- Your goal
Nothing but an exact repeat of the data, with pictures removed, belongs in the answer.

- Dataset excerpt

::::::

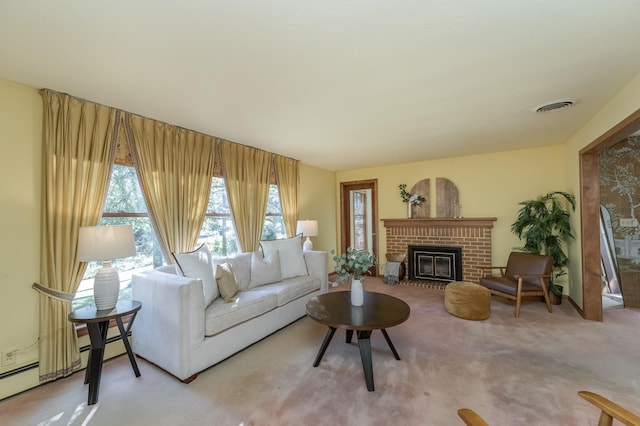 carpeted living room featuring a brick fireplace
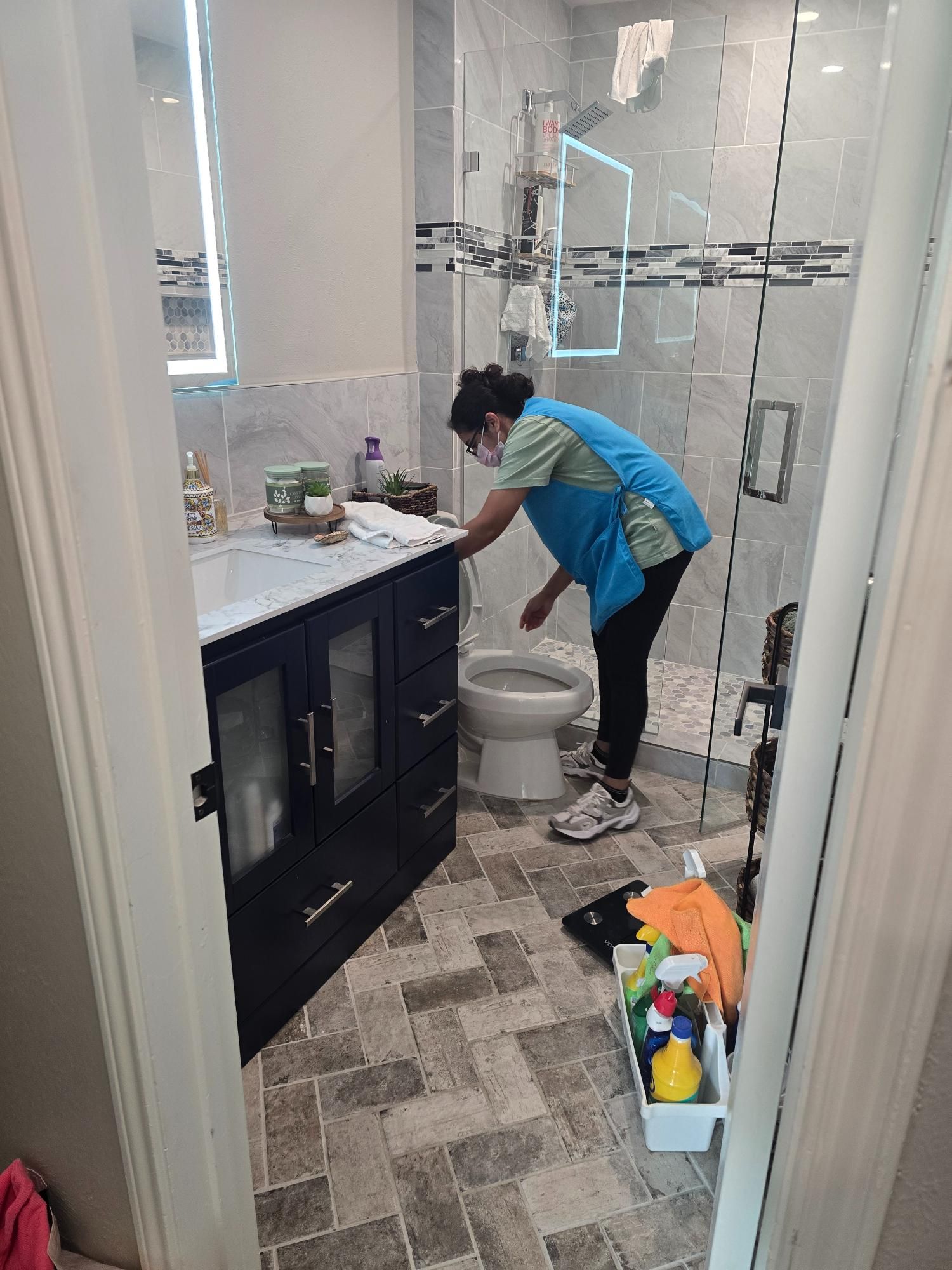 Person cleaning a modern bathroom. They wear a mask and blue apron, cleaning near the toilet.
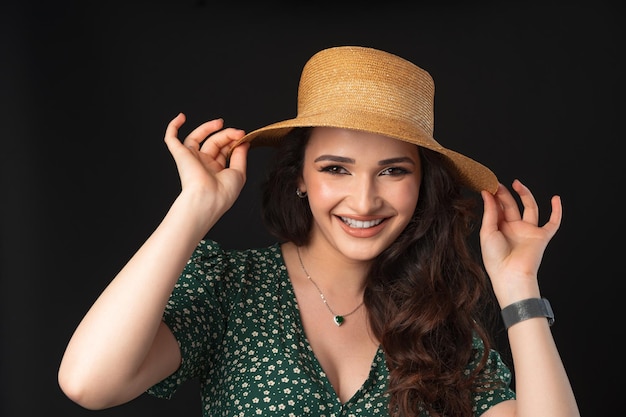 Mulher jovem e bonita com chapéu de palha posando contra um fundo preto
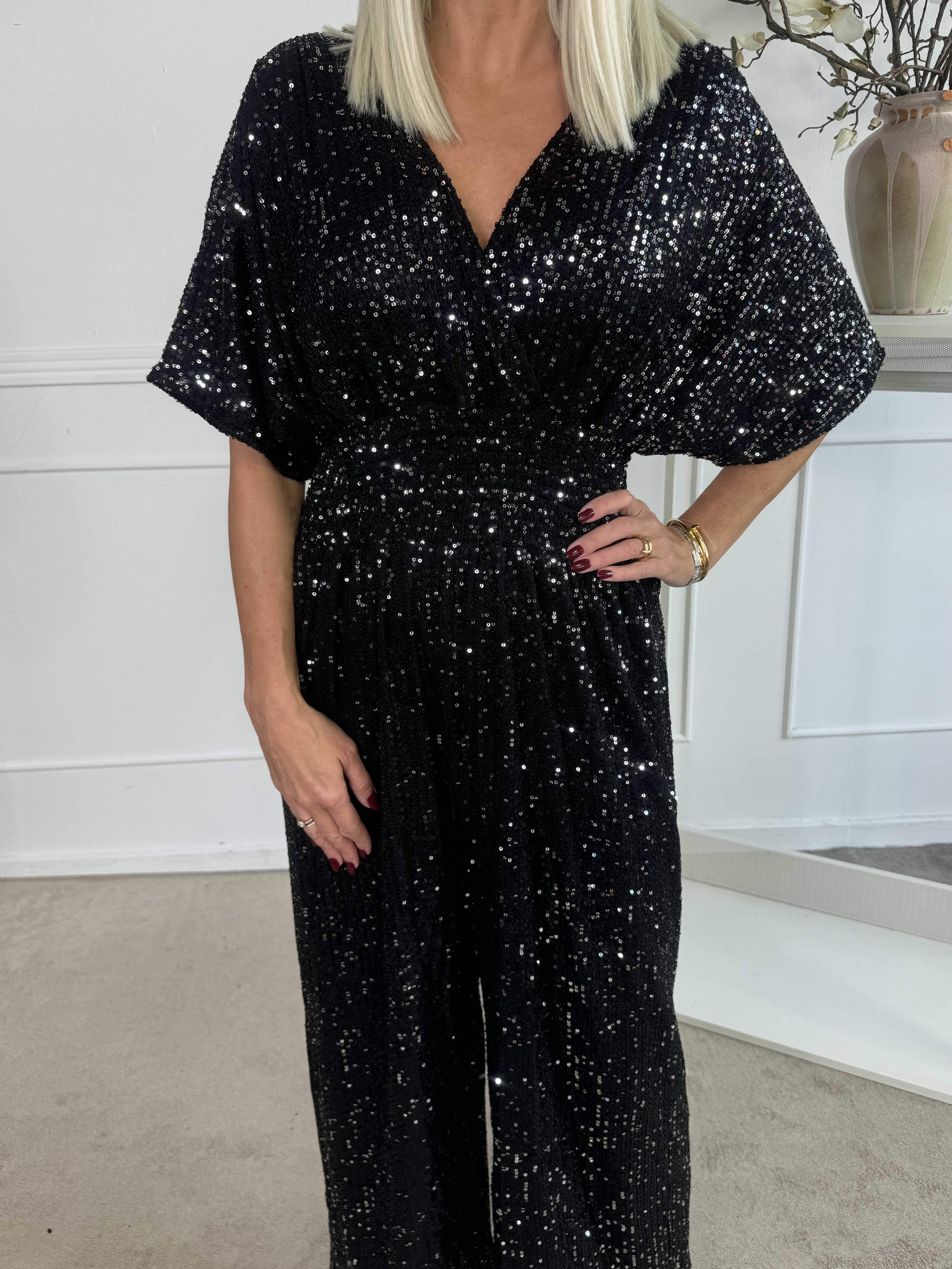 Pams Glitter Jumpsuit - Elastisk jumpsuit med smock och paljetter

::::::

- Problem solution
 carpeted living room featuring a brick fireplace
 Person cleaning a modern bathroom. They wear a mask and blue apron, cleaning near the toilet.
 Mulher jovem e bonita com chapéu de palha posando contra um fundo preto
 Pams Glitter Jumpsuit - Elastisk jumpsuit med smock och paljetter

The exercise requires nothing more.